Tanggal 15 Juli 1945 diruangan gedung Chuo Sangi In yang terletak di Jalan Pejambon Jakarta berlangsung perdebatan panas. Saat itu berkumpul sekitar 62 orang anggota Badan Penyelidik Usaha Persiapan Kemerdekaan Indonesia. Mereka sedang berembuk tentang apa dan bagaimana negara yang ingin mereka dirikan. Suhu udara sidang lanjutan yang berlangsung sejak pukul 15.10 tersebut tidak melunturkan semangat bicara mereka. Terutama bagi dua orang anggota yang bernama A.R Baswedan dan Liem Koen Hian. Keduanya meradang akibat  pasal 26 dalam Rencana Undang-Undang Dasar yang sedang disusun.  Dalam pasal tersebut secara nyata dibedakan antara warga negara aseli dan bukan aseli, dan kedua anggota BPUPKI tersebut merasa terhina karena tidak dimasukan dalam katagori warga negara dari suatu bangsa yang hendak didirikan. Mereka merasa sebagai bangsa Indonesia walau menyandang nama asing. Karena sidang tetap mengesahkan ketentuan pasal tersebut maka esok harinya Liem Koen Hian membuat surat pengunduran diri dari keanggotaan BPUPKI. Katanya “ Dengan diterima baiknya Bab IX pasal 26 dari rancangan oendang oendang dasar, maka status dari saya dan orang yang bukan bangsa Indonesia aseli adalah status dari orang asing ………….. dan sebagai itu tidak selayaknya saya turut duduk dalam BPUPKI ……”

Kerawanan pasal 26 tersebut sebetulnya sudah terbaca oleh Mr Sartono anggota BPUPKI yang membidangi Rancangan Hukum Dasar. Pada sidang tanggal 11 Juli, sewaktu pimpinan sidang Ir Soekarno berucap : sekarang kita bicara soal kewarganegaraan !” Satu-satunya anggota yang menanggapi masalah ini hanya Sartono dengan mengucapkan “Ini soal penting sekali sebab ini yang dinanti nantikan oleh golongan peranakan dan golongan lain ……” Tampaknya Sartono ingin menganalogkan kewarganegaraan dengan kebijakan partai Gerindo. Partai dimana ia pernah duduk sebagai salah satu pimpinannya. Gerindo adalah partai yang pertama menerima para golongan keturunan asing sebagai anggota penuh, dan menganggap semua orang yang lahir di Indonesia adalah warga negara Indonesia. Mereka adalah warga negara aseli.

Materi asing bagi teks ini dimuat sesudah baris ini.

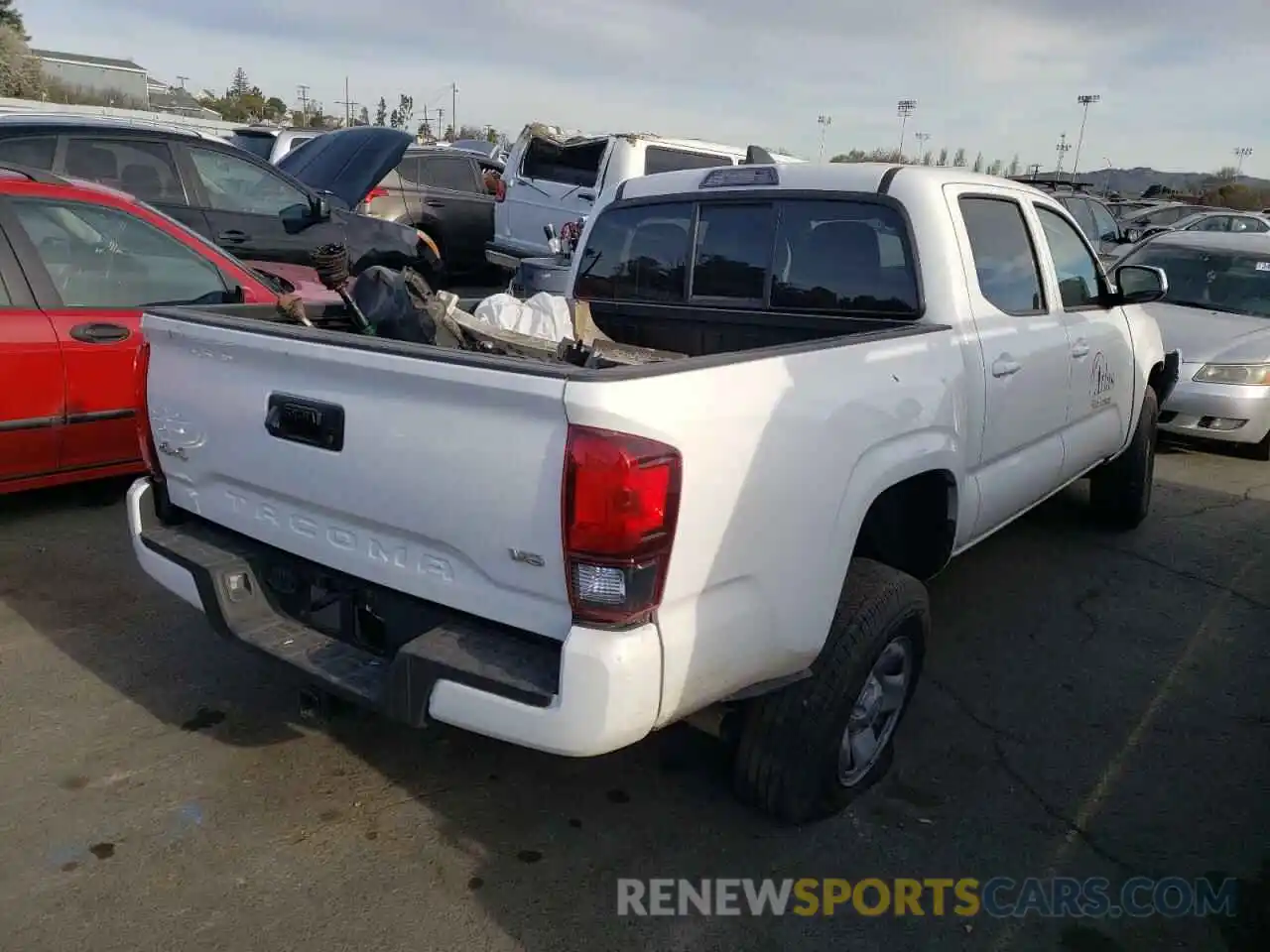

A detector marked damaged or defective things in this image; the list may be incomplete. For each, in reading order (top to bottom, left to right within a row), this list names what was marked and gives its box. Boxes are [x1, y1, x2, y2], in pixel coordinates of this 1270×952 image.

cracked pavement [0, 449, 1264, 952]
damaged white toyota tacoma [126, 160, 1178, 822] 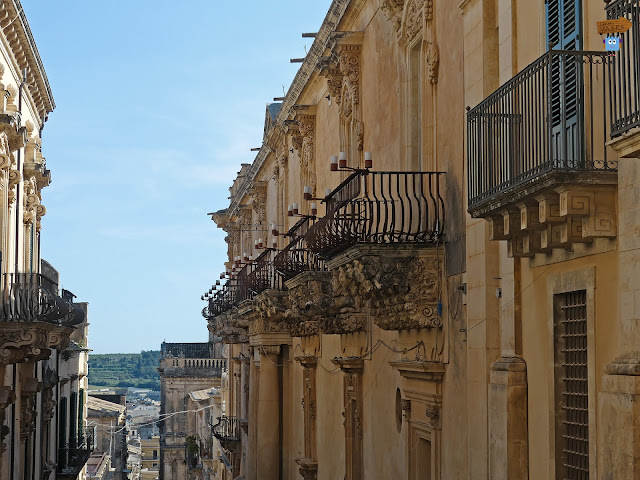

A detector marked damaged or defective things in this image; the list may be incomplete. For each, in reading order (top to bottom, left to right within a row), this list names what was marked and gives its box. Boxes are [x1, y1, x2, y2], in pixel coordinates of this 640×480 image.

rusty iron railing [468, 50, 616, 212]
rusty iron railing [608, 0, 640, 137]
rusty iron railing [274, 216, 328, 280]
rusty iron railing [304, 170, 444, 258] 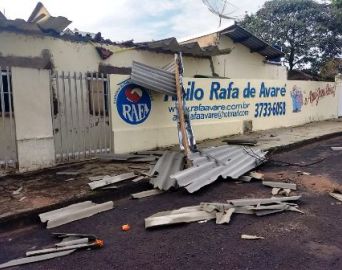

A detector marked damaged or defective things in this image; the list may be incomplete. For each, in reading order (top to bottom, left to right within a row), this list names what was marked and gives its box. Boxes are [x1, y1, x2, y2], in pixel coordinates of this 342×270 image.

broken wood plank [88, 173, 136, 190]
broken wood plank [0, 250, 75, 268] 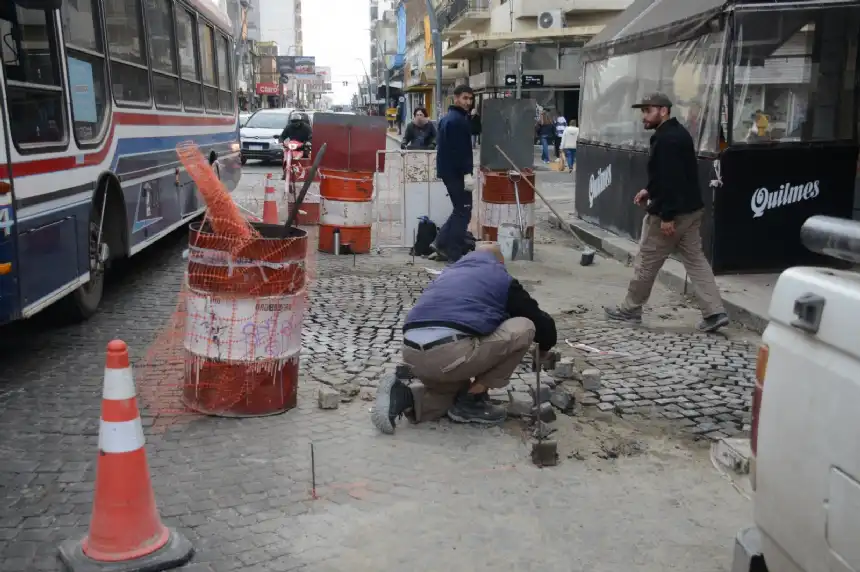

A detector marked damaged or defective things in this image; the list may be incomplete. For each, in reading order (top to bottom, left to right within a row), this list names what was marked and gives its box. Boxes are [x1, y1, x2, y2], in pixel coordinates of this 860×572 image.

rusty barrel [290, 160, 324, 227]
rusty barrel [316, 166, 370, 254]
rusty barrel [480, 170, 536, 241]
rusty barrel [181, 222, 310, 416]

Konsep Sartono/Gerindo ini tidak dapat terujud. Orang keturunan asing tetap dianggap sebagai “Bukan Aseli” sehingga mereka yang ingin menjadi Presiden RI harus menanggalkan cita-citanya. Istilah “Warga Negara Aseli” dibiarkan menggelantung tanpa kepastian. Dalam Penataran P4 waktu dulu selalu dikatakan bahwa yang disebut “Aseli” atau bukan tergantung pada pengakuan masyarakat. Celakanya lagi secara legal setiap kelahiran anak bangsa ini sudah disekat oleh diskriminasi primordial. Hal ini tampak jelas dalam Catatan Sipil tentang kelahiran seorang anak. Apabila seorang WNI keturunan Tionghoa melahirkan , maka  anaknya tersebut akan dicatat sebagai seorang WNI berdasarkan Staatblad 1917, yaitu catatan khusus untuk golongan Tionghoa. Dengan demikian setiap anak yang  menunjukkan akte kelahirannya  dengan mudah dapat diidentifikasi kelompok primordial mana mereka berasal. Kalau tercatat berdasarkan Staatblad 1920, menunjukkan mereka berasal dari bumiputera beragama Islam. Sedang staatblad 1933 khusus bagi orang Bumiputera yang beragama Kristen.

Cita cita AR Baswedan, Liem Koen Hian, dan Sartono agak terobati dengan lahirnya Undang-Undang Kewarganegaraan no 12 tahun 2006. Enam puluh satu tahun sejak ketiga tokoh pejuang kemerdekaan itu bicara. Dalam undang undang tersebut sudah diberi batasan yang tegas bahwa yang disebut WNI aseli adalah WNI yang sejak lahir sudah menyandang kewarganegaraan Indonesia. Tetapi pencatatan sipil yang membeda-bedakan kelahiran anak dengan sekat primordial, sepengetahuan saya tetap berlangsung. Apakah ketentuan tentang kewarganegaraan dalam UUD 45 merupakan suatu “Kecelakaan Sejarah” ? Kita tidak perlu mempersoalkan itu, yang penting pemerintah segera membuat langkah-langkah strategis untuk menghilangkan sifat-sifat diskriminatif dalam peraturan/perundang-undangan, seperti yang tampak pada ketentuan dalam catatan sipil tersebut diatas.